I watched the draft that April on a huge, obscenely heavy fifteen year old TV I had bought at a thrift store relatively cheaply, and chatted via webcam with my bset friend from college. We both loved Marshawn Lynch, although I worried that it meant we would miss out on Paul Posluszny. I have rarely been more excited than when I saw the Bills leap up to the 34th pick that year and snatch him up. I pumped my fist in the air (carefully, as my room was tiny), and looked around desperately for someone to high five. At the time I was living with two artists, and it was difficult to explain exactly to people who spent time dissecting something like Bernini's "The Ecstasy of St. Theresa" why this draft was so important.

As the 2nd round drew on, I drifted away to find some Chinese food (i.e fried chicken), and received a text from my friend. The Bills had picked, and they had picked Trent Edwards. My first thought was of course: "People still name their children Trent?". When I got home I began to research this Trent person. It turns out that he was a highly recruited high school QB. Notre Dame wanted him. Michigan wanted him. Florida wanted him. He picked Stanford, and even went on to pick up a degree in something other than physical education. Even more exciting, the man I still think is the greatest head coach in the history of the game, Bill Walsh, gushed about the kid.

What this all added to for me was the most dreaded word in any Buffalo sports fan's lexicon: expectation. I knew that JP Losman had just had his best season as a pro and was entrenched as the starting QB. I was never a big believer in Losman though. Trent was something different. He had everything you wanted in a QB: intelligence, accuracy and work ethic. How could he fail? Here at last was the long term answer at QB. Even more importantly, he was going to be this era's Thurman Thomas. He was going to be the guy that got passed over twice or three times by every other team in the league only to be snatched up by the wily Bills.

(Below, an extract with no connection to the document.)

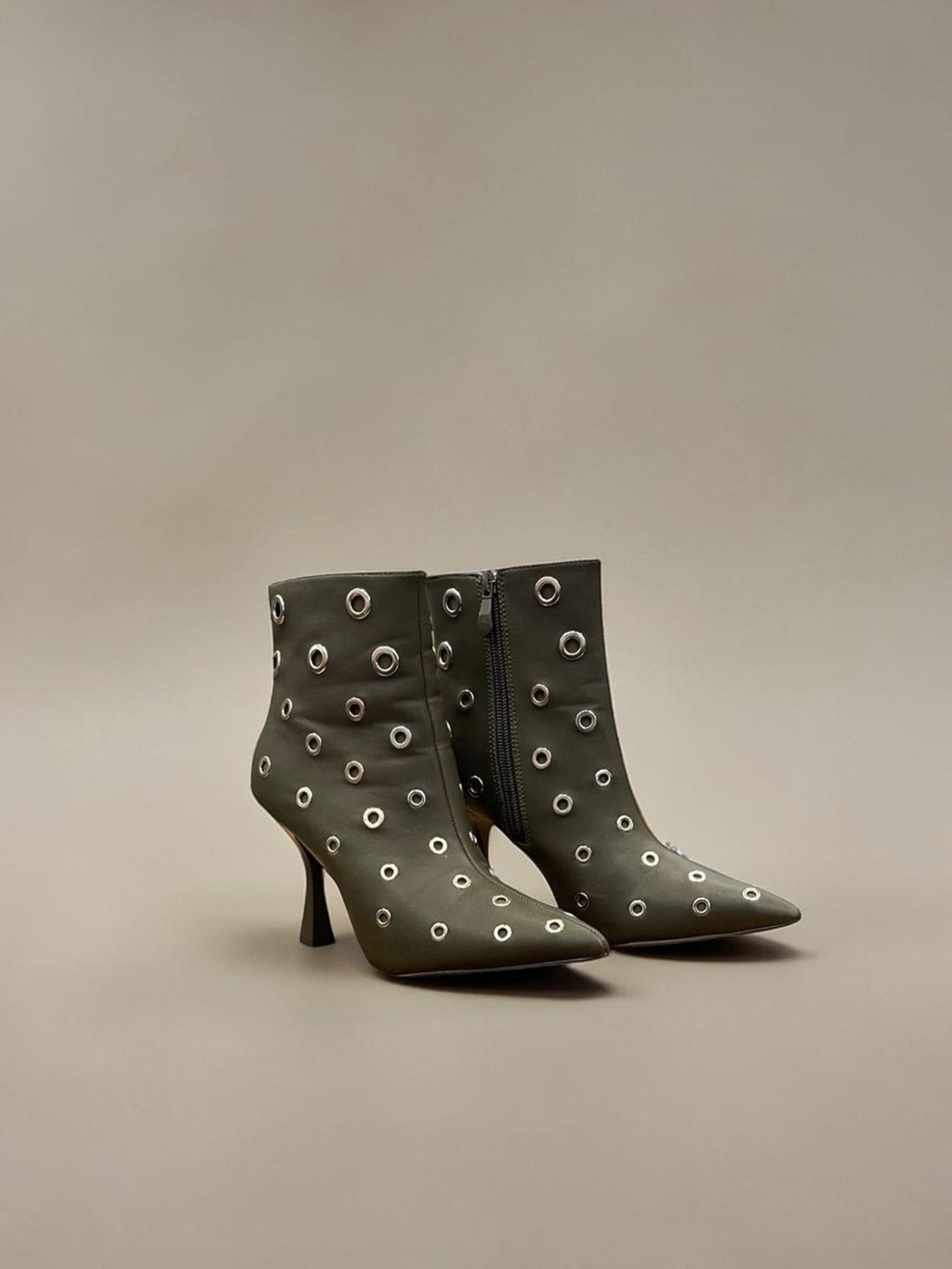Day One Concept Store black leather ankle boots with pointed toe, stiletto heel, and silver eyelet details.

We'd be laughing in our Molson Canadians all the way to the Super Bowl.

And for a season and a half, Trent did nothing to dissuade me from that line of thought. He certainly didn't light it up in 2007, but he was solid, and more importantly, a winner (5-4 in games he started). 2008 seemed even brighter as the Bills rolled to four straight wins, including two blowouts and two 4th quarter comebacks from Trent. He was cool and efficient, going 78/119 with 930 yards, 4 TDs and 2 INTs in those games (and one of those INTs on a deflection off of Lee Evans as I recall). Peter King openly touted him as an MVP candidate. We all know that it went downhill from there, but at the end of the year I was still convinced. Even his bad games usually gave some reason for optimism. People remember his three terrible INTs against the Browns, but most people forget the gorgeous throw he made to Robert Royal to get the Bills in position to try a game winning field goal (which of course, they didn't make).

In retrospect, it may have been worth my while to look more closely at Trent's college days. He spent most of his four years at Stanford crumpled up in a heap beneath a pile of USC Trojans. He wasn't a winner in college, he wasn't even a standout in his own conference. In his best year (2005) he still finished 7th in passer rating. He threw 17 touchdowns that year, half of what Drew Olson threw, and two less than Kellen Clemens, despite the fact that Clemens was splitting significant time with Dennis Dixon and Brady Leaf that year. The 2007 me would point out the dearth of talent on Stanford's offensive line and at the skill positions. How can you succeed against the USC's of the world with that kind of talent around you?

Some college QBs answered that question, but Trent did not. That question raises a more important question though, and that question is: How can you expect a player who couldn't succeed without elite talent around him at the college level to suddenly do so in the pros? The truth is that I, and many other Bills fans, expected Trent to  play behind the likes of a Duke Preston and throw to the likes of Robert Royal and still win. And the most improbably part of the whole story is that, for a time, he did. And thats the hardest part about the Edwards Era in Buffalo. For a brief golden month at the beginning of 2008, we had a winner.

And now Edwards is a Jaguar. There has been plenty of criticism over his release, but I happen to think that it was perhaps the best option for both parties. Edwards had little more value to give the Bills this year, and it wouldn't do Edwards any good to sit around as a lame duck for the next thirteen weeks waiting for his outright release. He has a new start in Jacksonville, a start with very tempered expectations, and maybe he can get a once promising career back on track.

Good luck Trent. With the state that the Jags offensive line is currently in, you will need it.